Selain itu, ada harta tersembunyi yang diwariskan kepada Kanaya dan juga Nadira, saudara tirinya.
Namun apakah harta yang di maksud itu??
Lalu bagaimana Rafa mempertahankan hubungannya dengan Kanaya?
Dan...
Siapakah ayah dari Alya, putri dari Kanaya, karena Barata bukanlah ayah kandung Alya.
Apakah Kanaya bisa bertemu dengan ayah kandung Alya?

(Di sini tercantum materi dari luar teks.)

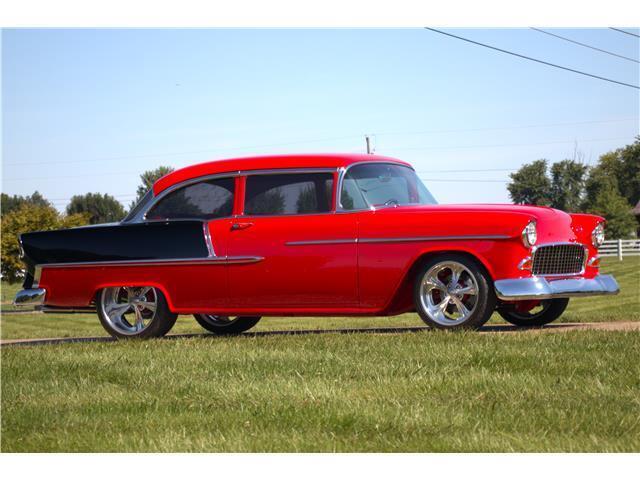 1955 Chevrolet 150 Custom Red/Black - photo 13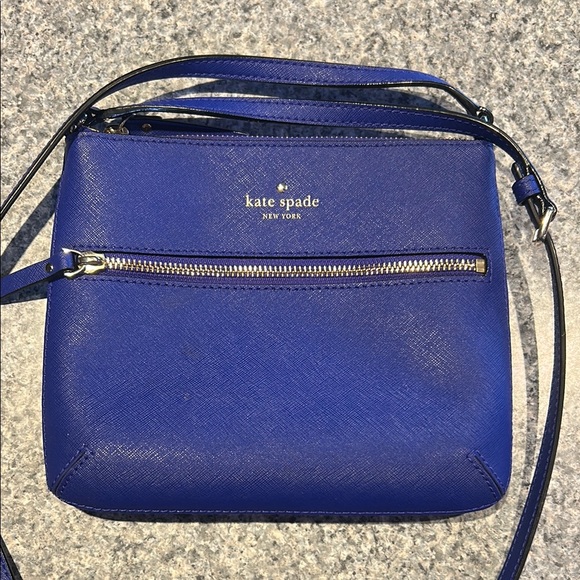 Kate Spade Royal Blue Leather Crossbody Bag - Picture 1 of 3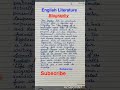 Biography |literary devices | literary terms|B.A. literature |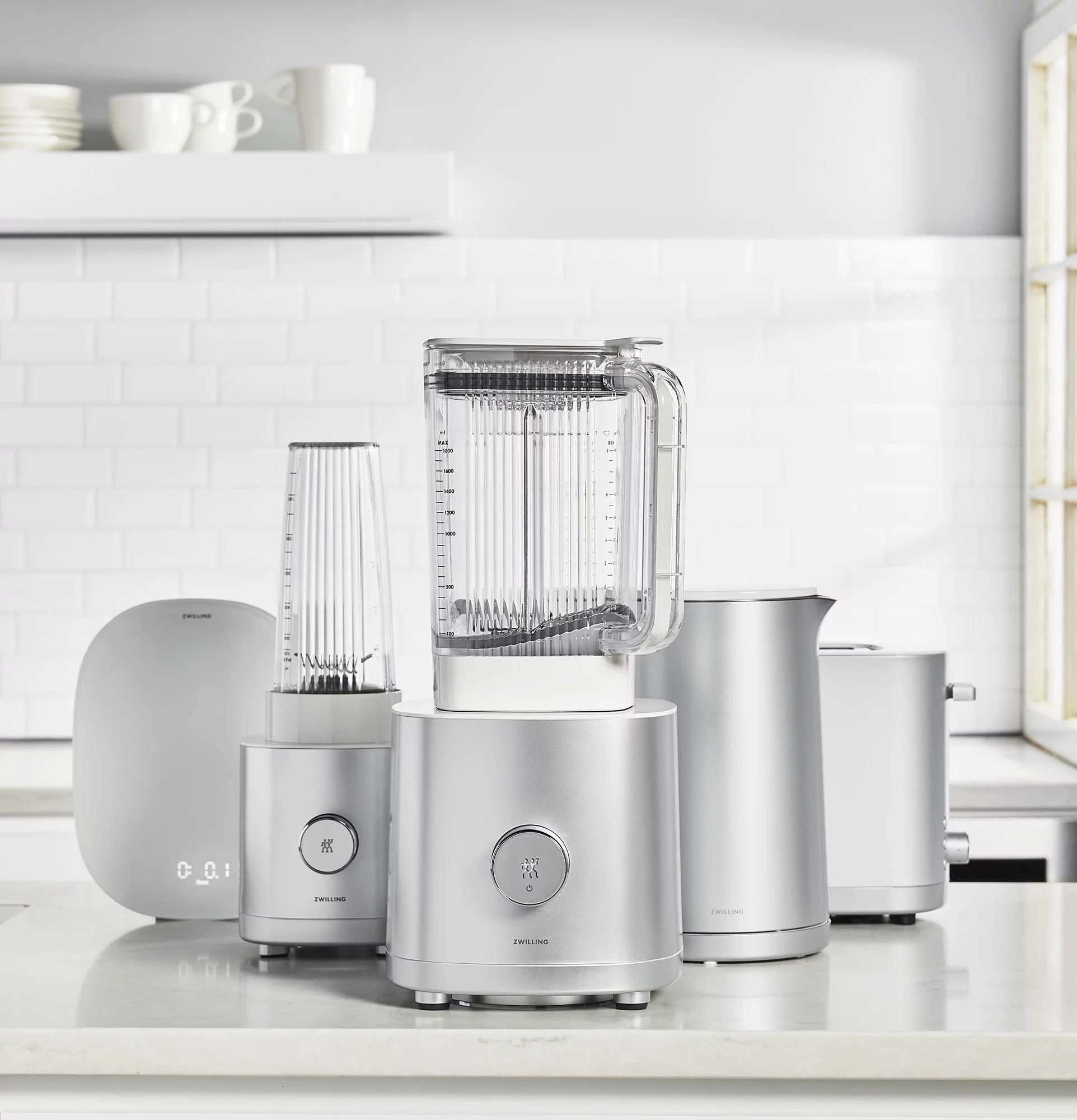 ZWILLING Enfinigy Digital Kitchen Food Scale, Max weight 22lbs, Grams & Ounces, .1-gram Accuracy, White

Lika-liku hidup Kanaya sedang diperjuangkan.
Apakah berakhir bahagia?
Ataukah luka?
Ikutilah Novel Ikatan Takdir karya si ciprut
Karya ini diterbitkan atas izin NovelToon si ciprut, isi konten hanyalah pandangan pribadi pembuatnya, tidak mewakili NovelToon sendiri
Rasa?
Beberapa minggu setelah mereka pindah ke pondok terpencil di tepi danau, Rafa dan Kanaya mulai merasakan sesuatu yang berbeda.
Meskipun malam tetap penuh kewaspadaan, ada momen-momen kecil di antara mereka yang membuat hati saling dekat.
Suatu sore, Rafa duduk di luar pondok, mengawasi hutan sambil menjaga jarak agar Kanaya bisa menjemur pakaian dan menenangkan bayi.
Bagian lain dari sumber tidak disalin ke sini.